KAVLI INSTITUTE FOR BRAIN AND MIND INAUGURATION
TO BE HELD NOVEMBER 4 IN CEREMONIES AT UCSD

By Barry Jagoda

With multi-institutional and cross-disciplinary research already underway, the Kavli Institute for Brain and Mind at the University of California, San Diego will celebrate its formal inauguration on Nov. 4. Ceremonies will be held in the Natural Sciences Building, on the USCD campus, beginning at 4:30 p.m.

The new research center was announced earlier this year through a $7.5 million endowment from the Kavli Foundation of Santa Barbara and from its chairman and founder, Fred Kavli, with the objective of bringing together researchers from the many leading laboratories and institutions in the San Diego region. The mandate is to cross academic disciplines by engaging scientists from more than 20 different scholarly departments and perspectives.

“We have a campus-wide commitment to interdisciplinary work and the Kavli Institute is a superb example of crossing departmental and institutional lines to aim for breakthrough discoveries,” said UCSD Chancellor Marye Anne Fox.

Co-directors of the institute, known as KIBM, are UCSD scholars Jeffrey Elman, associate dean, Division of Social Sciences, and Nicholas Spitzer, professor of biology and former chair of the neurobiology section in the Division of Biological Sciences.

Chancellor Fox and Fred Kavli will speak at the inauguration, as will Professors Elman and Spitzer.

“Our formal inauguration is a happy time for all concerned because we have already had a chance to plan our course of work and have begun to get feedback that lets us know that we are on the right paths. Because the challenges are so great we are involving a wide and deep group of researchers and it is gratifying to note the interaction that is already resulting,” said Elman.
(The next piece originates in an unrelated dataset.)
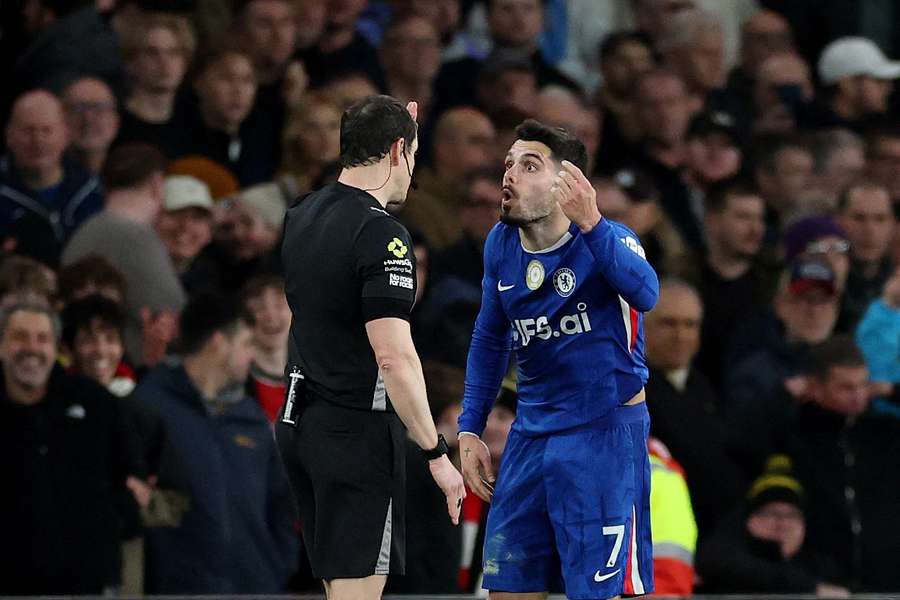 Pedro Neto viu dois amarelos em três minutos contra o Arsenal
“The La Jolla community of scientists is poised to discover critical linkages between mental activity and brain function. We are born with a brain, yet we develop a mind. How are the two related?” added Elman.
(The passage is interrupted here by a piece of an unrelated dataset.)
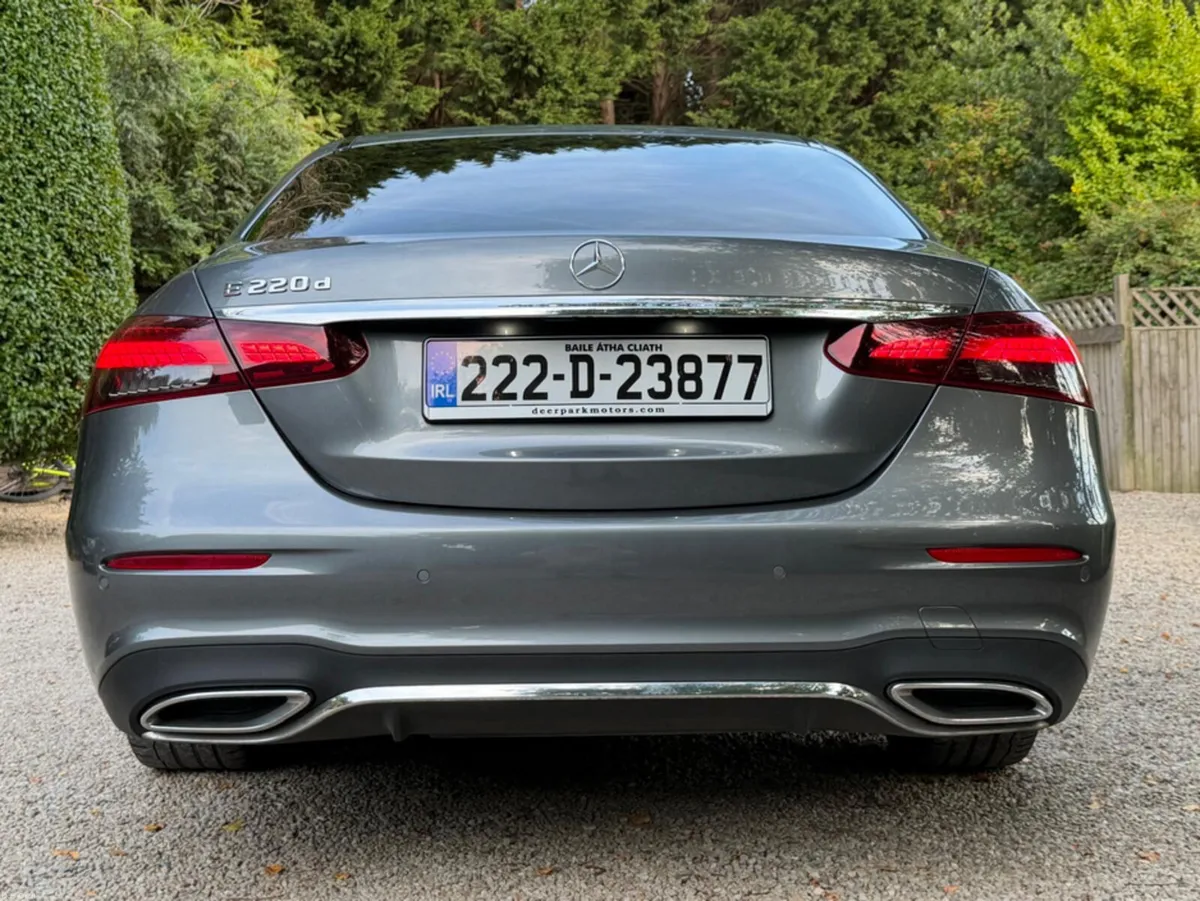 Mercedes-Benz E-Class E220D AMG LINe - Image 5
Spitzer said: “I am particularly pleased that we have such extensive collaboration with our colleagues at the Salk Institute, The Scripps Research Institute and The Neurosciences Institute. The ideas that we are formulating indicate the necessity for a cross-disciplinary approach to understanding how the brain and mind work.

“Interdisciplinary research will lead us to knowledge that can be helpful in treating societal problems, such as mental disease and learning impairment, and in developing whole new approaches for collective social interactions in activities such as education or war,” continued Spitzer.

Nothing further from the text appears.